# Your instructions:
Output, exactly as written, the lines below starting at the line containing "2BR, 1BA - 902 SF - The Whimsical Pig" and ending at the line containing "Jonathan Taylor Thomas". Drop the pictures and keep both end lines.

# Data provided:
=== Section Start ===

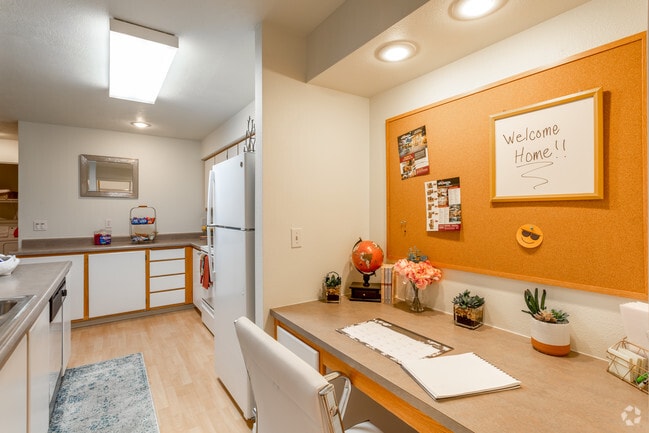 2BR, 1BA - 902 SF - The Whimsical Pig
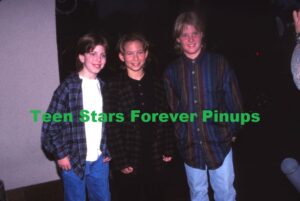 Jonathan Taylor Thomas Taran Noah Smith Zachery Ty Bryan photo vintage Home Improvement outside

=== Section End ===
=== Section Start ===

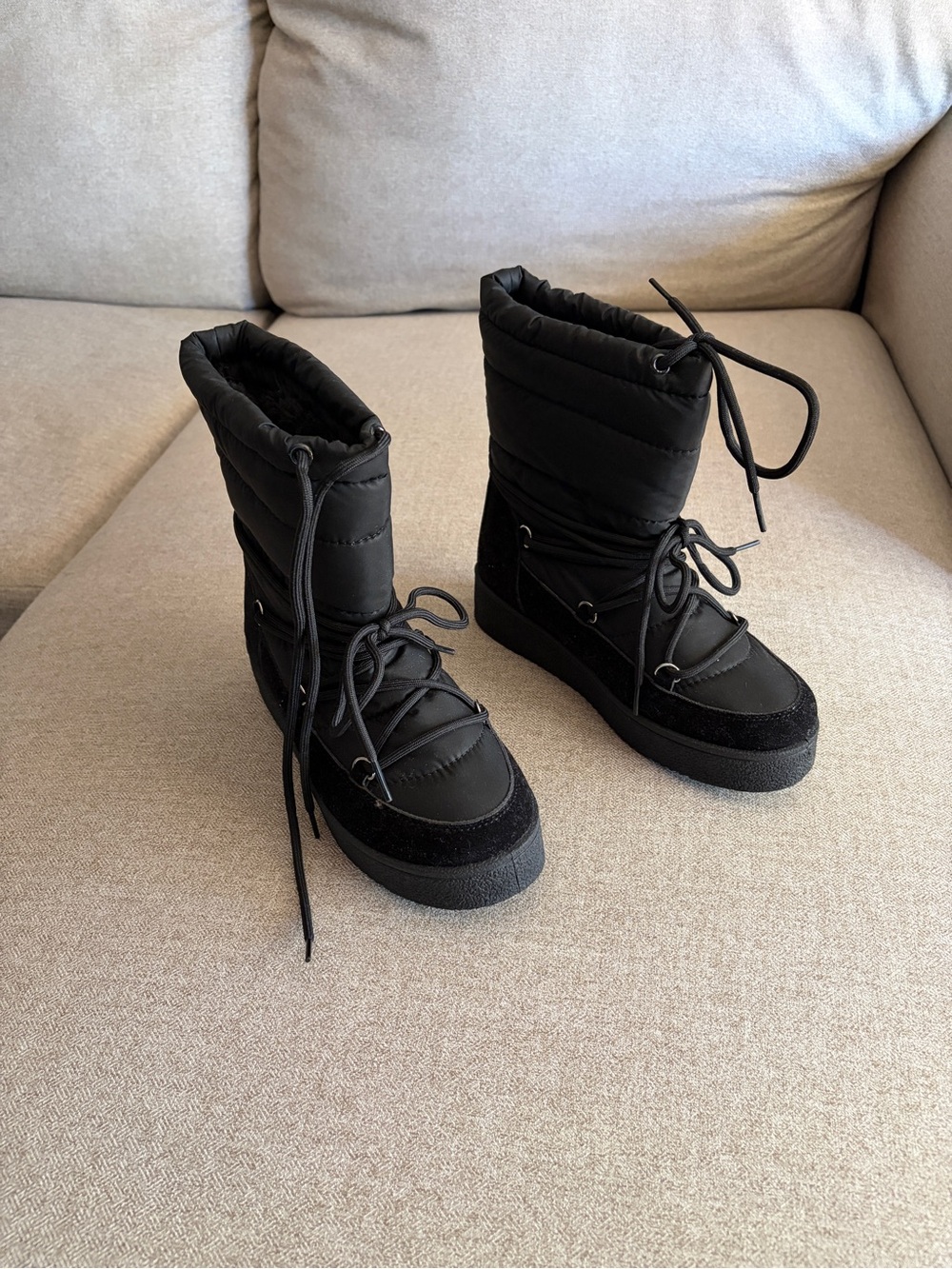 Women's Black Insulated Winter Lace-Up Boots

=== Section End ===

# Expected answer:
 2BR, 1BA - 902 SF - The Whimsical Pig
 Jonathan Taylor Thomas Taran Noah Smith Zachery Ty Bryan photo vintage Home Improvement outside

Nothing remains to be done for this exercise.